◆ EXERCISE DETAILS: Within the entries below, output exactly the lines between the line containing "Left-facing panoramic corner" and the line containing "Buffet 4 portes, Bahut", inclusive, and omit any picture.
------------------------------------------------------------------------
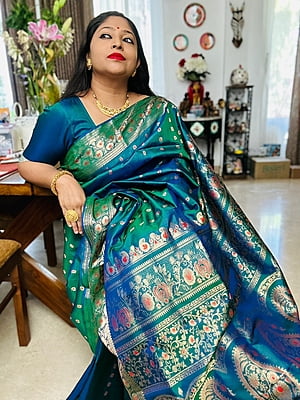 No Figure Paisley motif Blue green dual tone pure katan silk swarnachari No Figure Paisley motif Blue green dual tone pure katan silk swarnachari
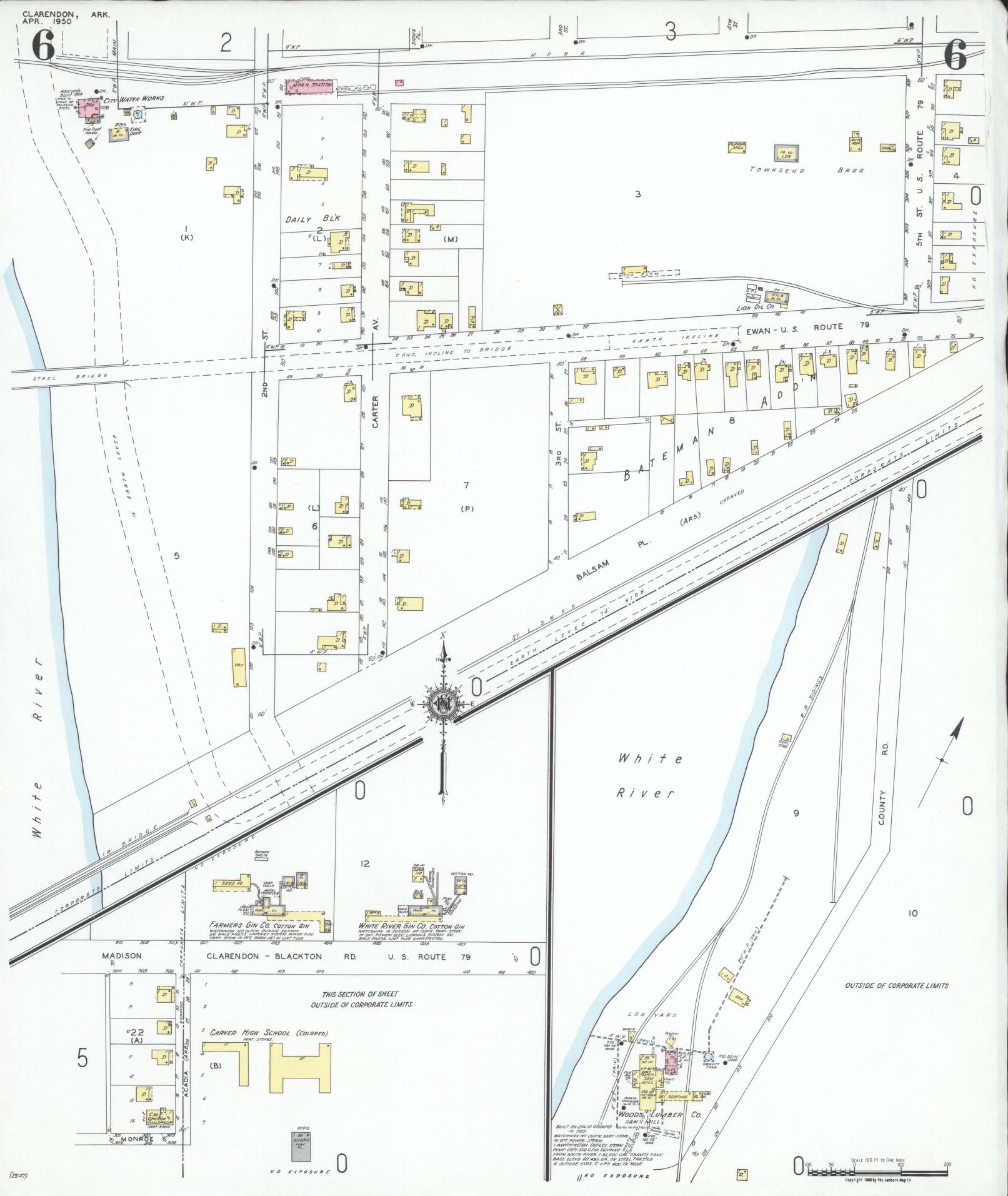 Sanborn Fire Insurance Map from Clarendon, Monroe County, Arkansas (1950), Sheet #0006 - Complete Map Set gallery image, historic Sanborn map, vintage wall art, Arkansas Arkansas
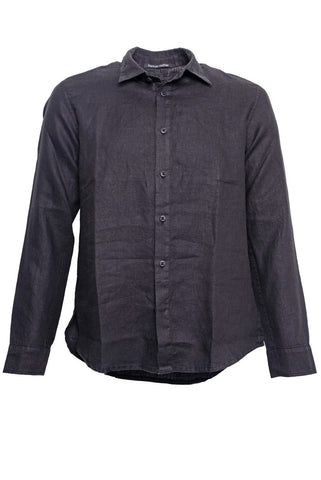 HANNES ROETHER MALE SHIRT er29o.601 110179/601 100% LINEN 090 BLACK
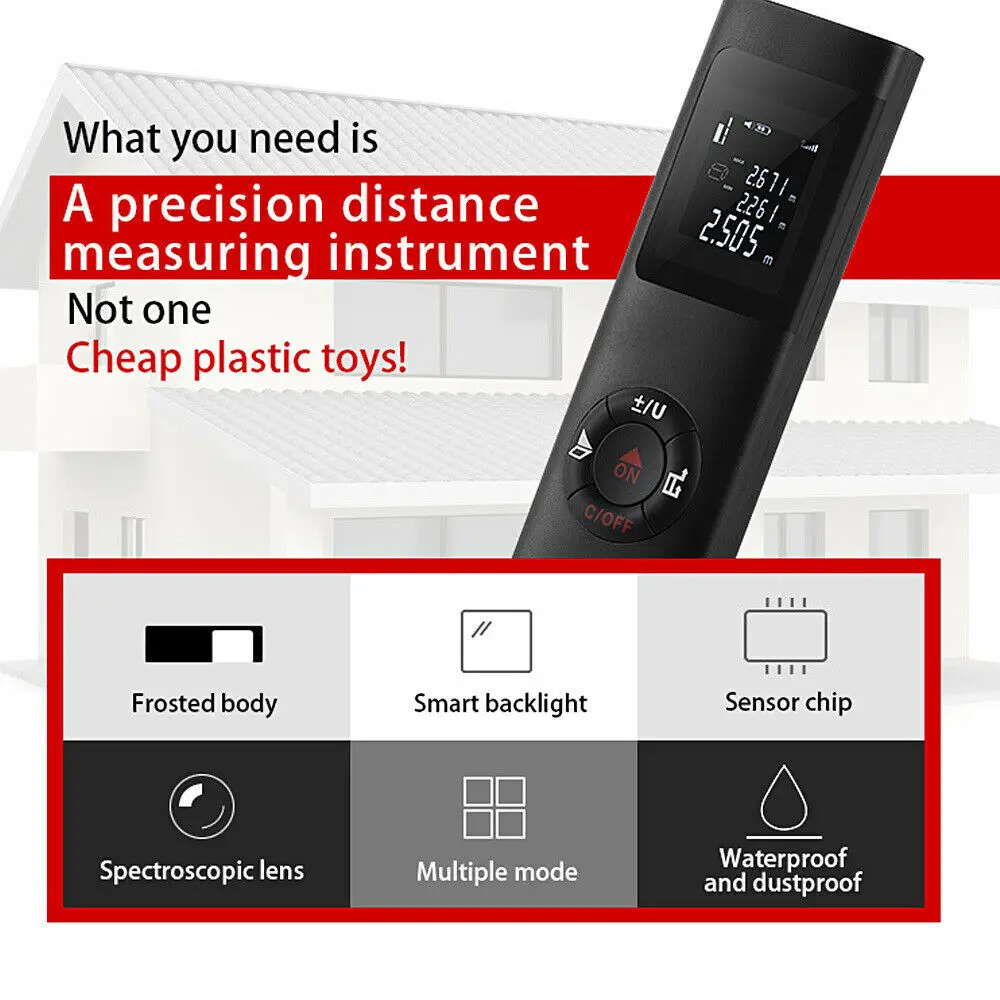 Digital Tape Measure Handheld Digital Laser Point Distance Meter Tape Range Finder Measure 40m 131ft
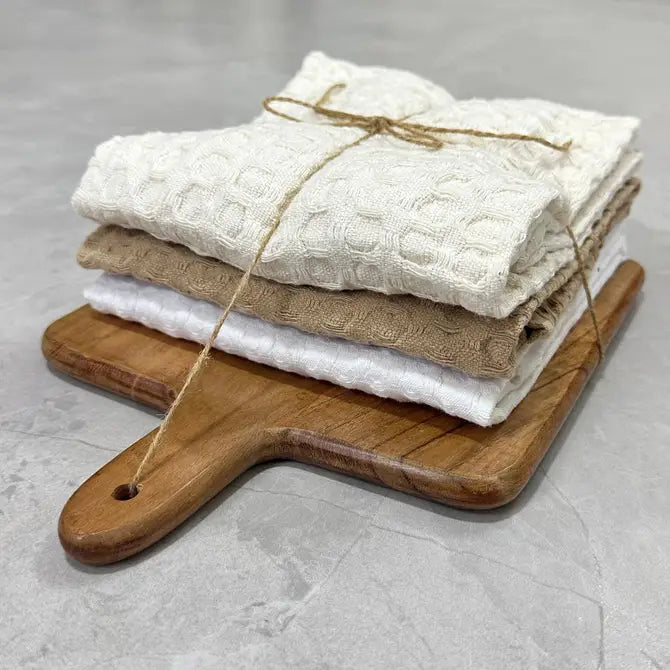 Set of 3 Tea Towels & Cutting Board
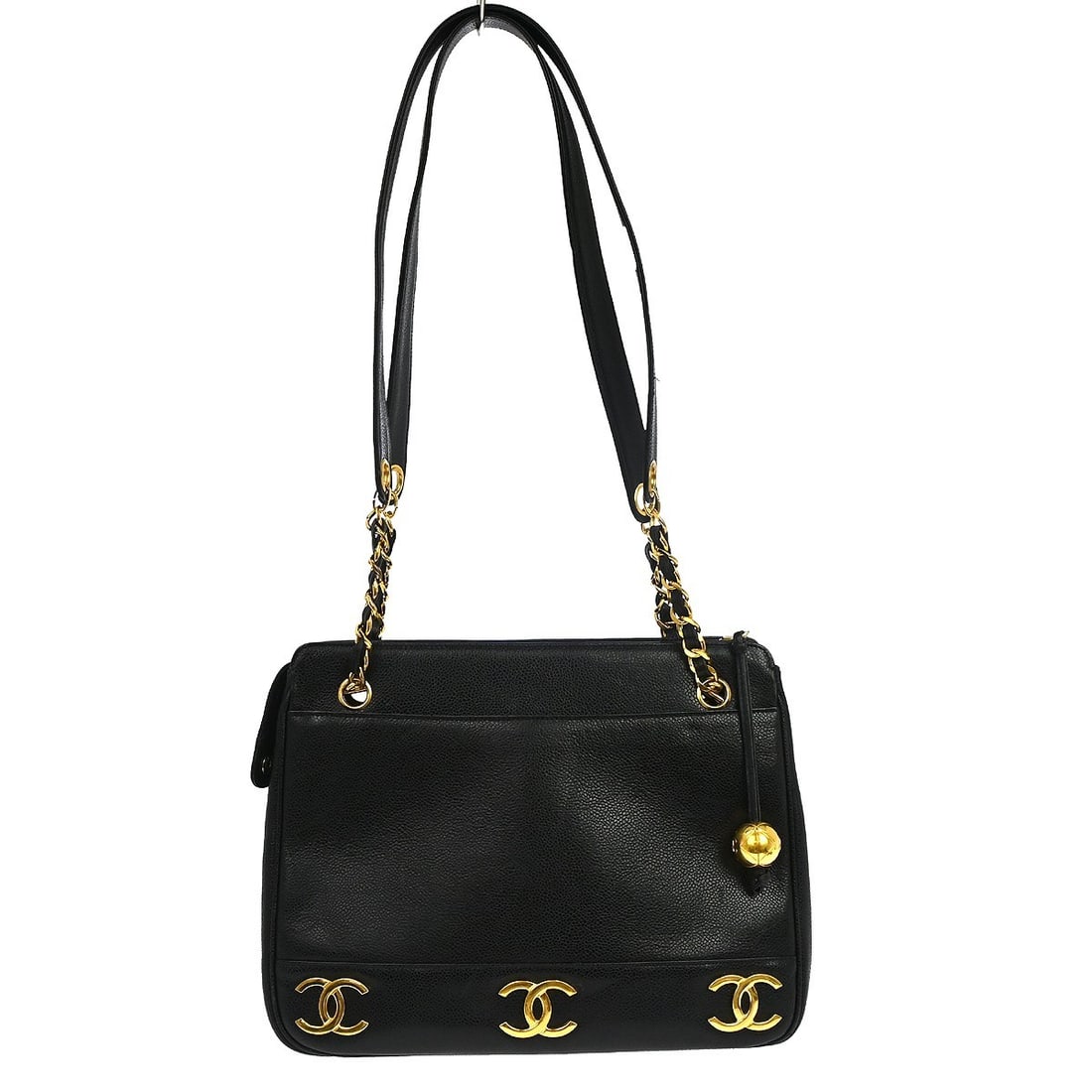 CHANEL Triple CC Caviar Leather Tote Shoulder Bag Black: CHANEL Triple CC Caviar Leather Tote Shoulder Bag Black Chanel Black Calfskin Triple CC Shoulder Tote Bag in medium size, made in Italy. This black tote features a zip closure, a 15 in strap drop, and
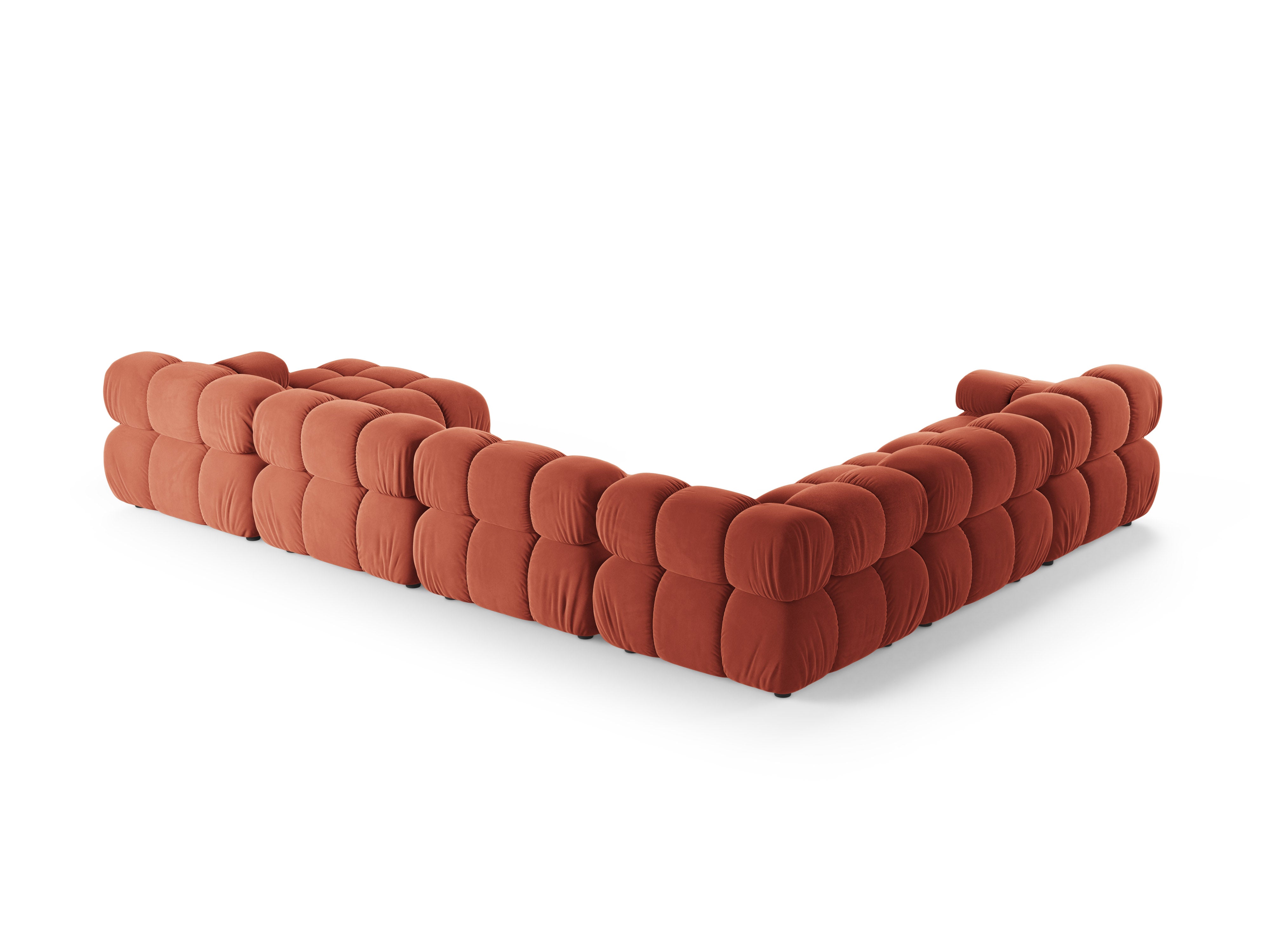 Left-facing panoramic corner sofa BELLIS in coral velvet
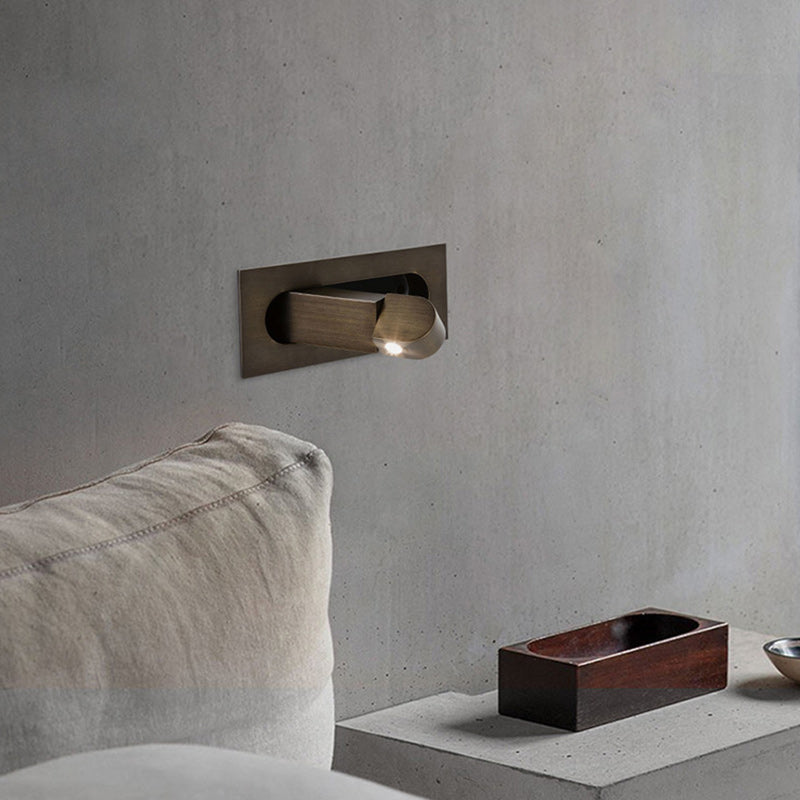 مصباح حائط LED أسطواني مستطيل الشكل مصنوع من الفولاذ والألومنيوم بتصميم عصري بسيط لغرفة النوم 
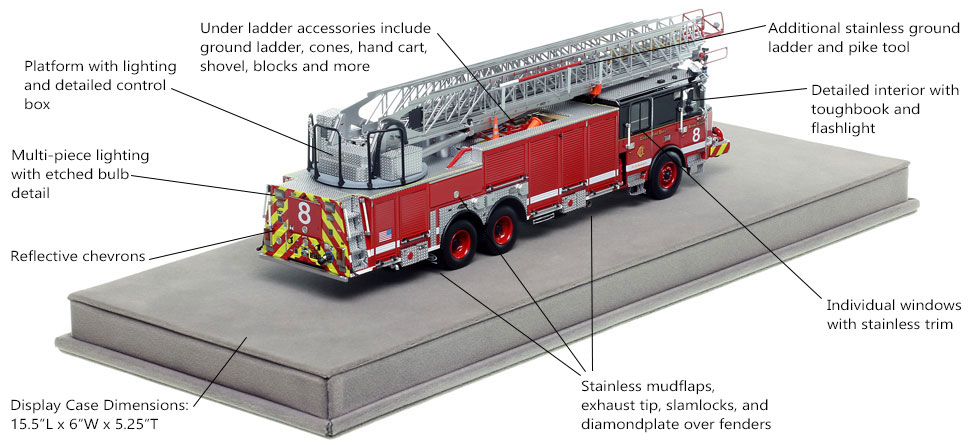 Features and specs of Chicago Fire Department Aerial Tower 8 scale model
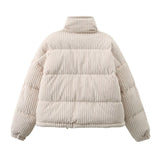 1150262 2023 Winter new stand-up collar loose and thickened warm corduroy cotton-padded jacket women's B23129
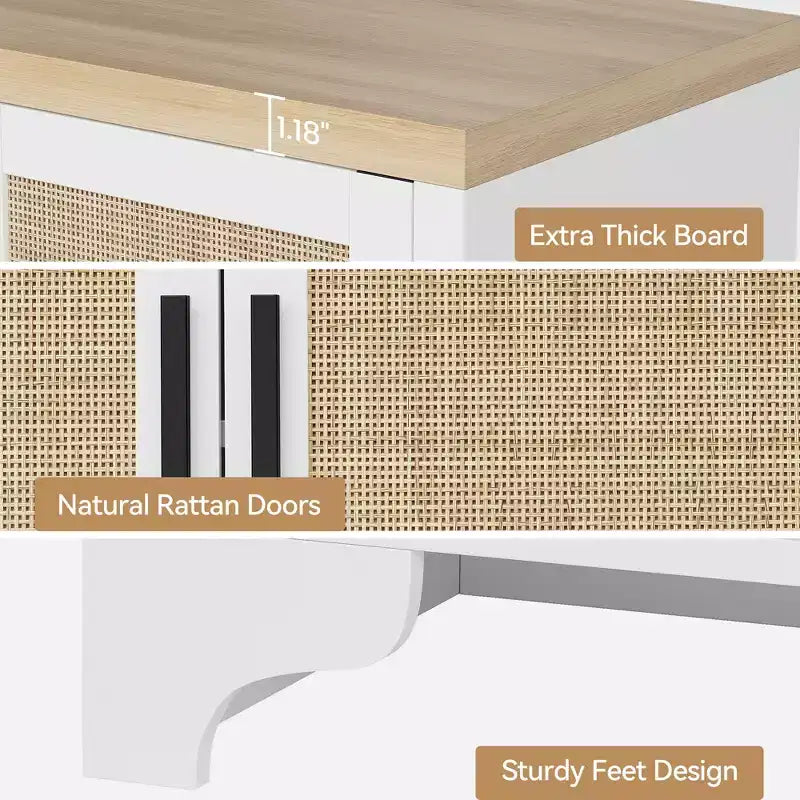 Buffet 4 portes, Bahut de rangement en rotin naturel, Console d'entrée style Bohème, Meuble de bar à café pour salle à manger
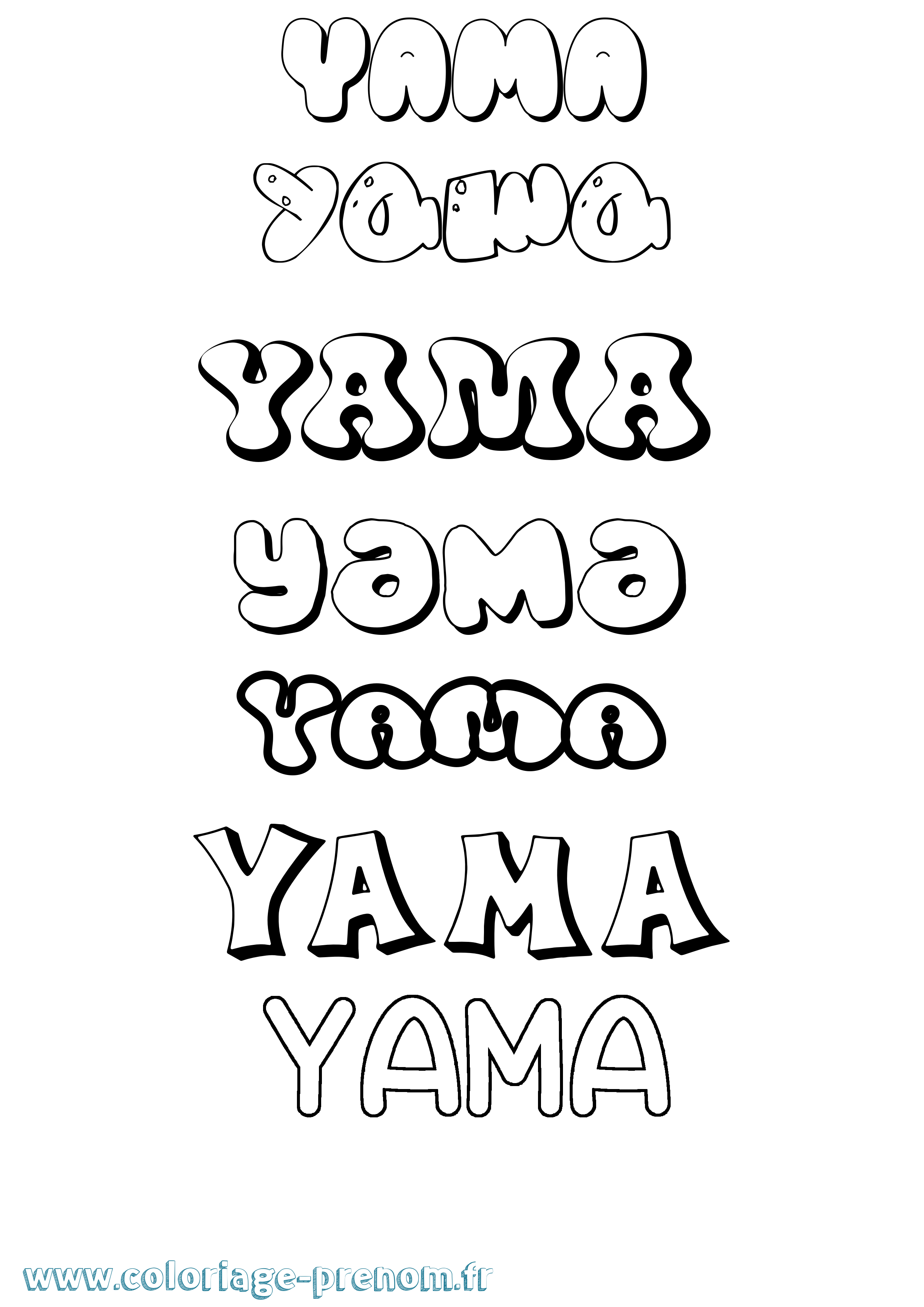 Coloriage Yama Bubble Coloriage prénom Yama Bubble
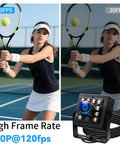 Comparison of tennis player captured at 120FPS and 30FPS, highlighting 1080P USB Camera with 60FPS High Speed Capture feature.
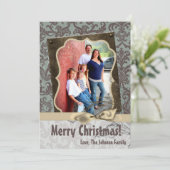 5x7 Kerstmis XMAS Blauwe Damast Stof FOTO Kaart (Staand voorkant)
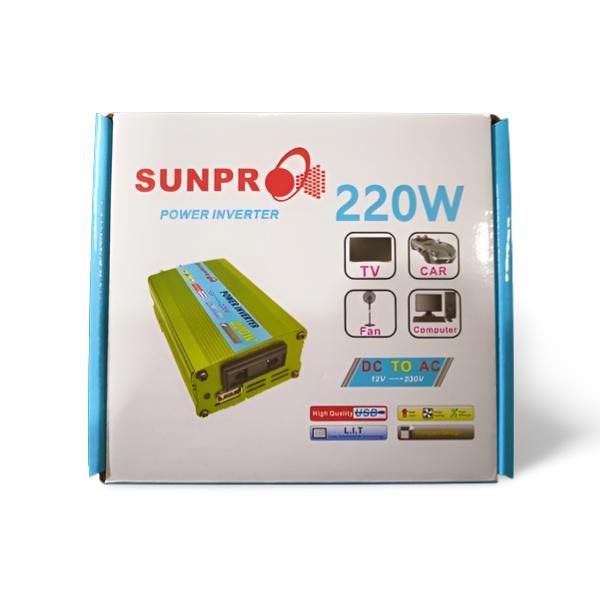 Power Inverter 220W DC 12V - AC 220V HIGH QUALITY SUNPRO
------------------------------------------------------------------------
◆ RESULT OF THE TASK:
 Left-facing panoramic corner sofa BELLIS in coral velvet
 مصباح حائط LED أسطواني مستطيل الشكل مصنوع من الفولاذ والألومنيوم بتصميم عصري بسيط لغرفة النوم 
 Features and specs of Chicago Fire Department Aerial Tower 8 scale model
 1150262 2023 Winter new stand-up collar loose and thickened warm corduroy cotton-padded jacket women's B23129
 Buffet 4 portes, Bahut de rangement en rotin naturel, Console d'entrée style Bohème, Meuble de bar à café pour salle à manger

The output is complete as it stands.